— Exercise prompt —
Each line from the one containing "Asics Gel-Trabuco 13" through the final line of the data below must be repeated exactly.

(Dataset items)
───

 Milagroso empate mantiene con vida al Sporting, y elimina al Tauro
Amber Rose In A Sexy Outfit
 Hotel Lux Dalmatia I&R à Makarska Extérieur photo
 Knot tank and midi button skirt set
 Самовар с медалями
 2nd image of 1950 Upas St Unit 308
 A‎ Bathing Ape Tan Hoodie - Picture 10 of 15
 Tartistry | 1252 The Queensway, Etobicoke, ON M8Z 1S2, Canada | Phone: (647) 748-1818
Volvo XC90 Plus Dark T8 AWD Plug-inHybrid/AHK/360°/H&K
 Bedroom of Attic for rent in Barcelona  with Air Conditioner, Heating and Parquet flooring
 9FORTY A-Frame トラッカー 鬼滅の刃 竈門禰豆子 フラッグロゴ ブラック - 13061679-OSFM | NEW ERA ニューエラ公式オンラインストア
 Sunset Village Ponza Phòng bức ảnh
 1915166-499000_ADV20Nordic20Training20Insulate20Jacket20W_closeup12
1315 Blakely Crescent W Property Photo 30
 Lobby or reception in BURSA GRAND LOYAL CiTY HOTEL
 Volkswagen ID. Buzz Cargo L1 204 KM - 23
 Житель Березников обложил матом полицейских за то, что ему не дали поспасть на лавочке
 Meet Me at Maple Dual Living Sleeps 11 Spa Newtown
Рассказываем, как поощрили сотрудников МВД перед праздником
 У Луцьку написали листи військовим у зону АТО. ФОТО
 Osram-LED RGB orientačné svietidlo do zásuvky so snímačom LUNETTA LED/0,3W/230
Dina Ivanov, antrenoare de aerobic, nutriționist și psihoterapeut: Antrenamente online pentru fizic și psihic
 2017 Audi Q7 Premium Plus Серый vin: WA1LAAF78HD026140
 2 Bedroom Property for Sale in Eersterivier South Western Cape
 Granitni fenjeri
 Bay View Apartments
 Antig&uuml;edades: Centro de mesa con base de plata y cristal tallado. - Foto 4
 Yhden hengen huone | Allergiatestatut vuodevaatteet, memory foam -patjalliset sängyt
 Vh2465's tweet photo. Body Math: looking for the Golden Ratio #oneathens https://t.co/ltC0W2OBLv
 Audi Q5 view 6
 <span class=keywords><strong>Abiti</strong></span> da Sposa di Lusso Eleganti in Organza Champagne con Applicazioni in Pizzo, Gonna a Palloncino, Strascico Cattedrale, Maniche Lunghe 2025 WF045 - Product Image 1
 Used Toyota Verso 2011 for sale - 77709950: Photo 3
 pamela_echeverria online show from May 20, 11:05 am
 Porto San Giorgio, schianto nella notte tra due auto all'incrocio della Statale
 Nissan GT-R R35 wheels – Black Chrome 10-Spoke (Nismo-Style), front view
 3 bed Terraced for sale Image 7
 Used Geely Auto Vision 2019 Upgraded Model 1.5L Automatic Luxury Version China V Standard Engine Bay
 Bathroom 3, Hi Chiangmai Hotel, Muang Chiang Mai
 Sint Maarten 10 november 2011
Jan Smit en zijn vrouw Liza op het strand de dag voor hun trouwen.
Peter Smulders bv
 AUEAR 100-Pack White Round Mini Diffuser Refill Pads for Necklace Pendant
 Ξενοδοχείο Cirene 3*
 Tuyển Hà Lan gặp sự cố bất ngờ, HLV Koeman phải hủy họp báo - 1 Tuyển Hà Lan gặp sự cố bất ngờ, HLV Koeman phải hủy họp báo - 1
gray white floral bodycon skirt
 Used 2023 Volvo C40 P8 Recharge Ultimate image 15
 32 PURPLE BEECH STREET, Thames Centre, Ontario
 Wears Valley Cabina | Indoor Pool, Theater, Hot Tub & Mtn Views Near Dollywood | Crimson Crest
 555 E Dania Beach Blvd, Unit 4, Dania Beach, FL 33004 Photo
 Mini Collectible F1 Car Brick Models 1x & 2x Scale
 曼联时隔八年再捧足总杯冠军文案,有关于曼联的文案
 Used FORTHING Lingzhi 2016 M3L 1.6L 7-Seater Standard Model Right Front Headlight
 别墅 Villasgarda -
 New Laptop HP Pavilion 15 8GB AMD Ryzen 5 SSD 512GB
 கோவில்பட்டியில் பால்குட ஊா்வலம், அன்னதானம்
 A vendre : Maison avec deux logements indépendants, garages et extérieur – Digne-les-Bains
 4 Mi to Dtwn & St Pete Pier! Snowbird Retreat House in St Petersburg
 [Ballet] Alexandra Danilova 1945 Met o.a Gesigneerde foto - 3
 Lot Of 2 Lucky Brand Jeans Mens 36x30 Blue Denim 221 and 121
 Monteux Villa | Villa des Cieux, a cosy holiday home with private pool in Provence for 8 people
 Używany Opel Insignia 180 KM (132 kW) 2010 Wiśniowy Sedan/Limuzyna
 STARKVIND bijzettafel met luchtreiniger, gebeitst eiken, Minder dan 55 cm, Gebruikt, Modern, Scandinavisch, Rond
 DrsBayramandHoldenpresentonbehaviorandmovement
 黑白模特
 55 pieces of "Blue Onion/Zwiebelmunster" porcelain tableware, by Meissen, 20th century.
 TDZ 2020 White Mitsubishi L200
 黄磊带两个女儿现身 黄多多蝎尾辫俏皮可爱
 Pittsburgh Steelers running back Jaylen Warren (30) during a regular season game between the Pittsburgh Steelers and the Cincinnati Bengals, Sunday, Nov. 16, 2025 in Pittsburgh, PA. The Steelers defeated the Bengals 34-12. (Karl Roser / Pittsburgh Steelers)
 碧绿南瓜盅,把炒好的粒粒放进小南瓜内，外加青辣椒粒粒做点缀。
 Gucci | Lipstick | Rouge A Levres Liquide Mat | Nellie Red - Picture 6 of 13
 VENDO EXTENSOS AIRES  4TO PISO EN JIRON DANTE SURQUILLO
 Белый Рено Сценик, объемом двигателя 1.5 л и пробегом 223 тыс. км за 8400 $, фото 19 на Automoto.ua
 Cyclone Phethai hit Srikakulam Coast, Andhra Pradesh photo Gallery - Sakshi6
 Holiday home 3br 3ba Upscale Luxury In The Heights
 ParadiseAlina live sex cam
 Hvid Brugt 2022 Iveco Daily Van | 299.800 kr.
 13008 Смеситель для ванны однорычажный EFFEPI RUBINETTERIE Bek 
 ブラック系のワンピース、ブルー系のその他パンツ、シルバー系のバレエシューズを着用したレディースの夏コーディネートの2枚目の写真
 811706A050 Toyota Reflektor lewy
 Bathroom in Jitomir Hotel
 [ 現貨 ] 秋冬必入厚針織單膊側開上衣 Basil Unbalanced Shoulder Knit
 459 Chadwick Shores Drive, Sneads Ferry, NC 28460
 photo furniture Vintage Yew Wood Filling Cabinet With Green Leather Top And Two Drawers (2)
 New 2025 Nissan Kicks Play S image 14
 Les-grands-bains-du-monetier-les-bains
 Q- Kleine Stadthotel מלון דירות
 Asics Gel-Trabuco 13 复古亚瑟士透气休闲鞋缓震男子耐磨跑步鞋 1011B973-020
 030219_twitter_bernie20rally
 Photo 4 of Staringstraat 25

───

— Output —
 Asics Gel-Trabuco 13 复古亚瑟士透气休闲鞋缓震男子耐磨跑步鞋 1011B973-020
 030219_twitter_bernie20rally
 Photo 4 of Staringstraat 25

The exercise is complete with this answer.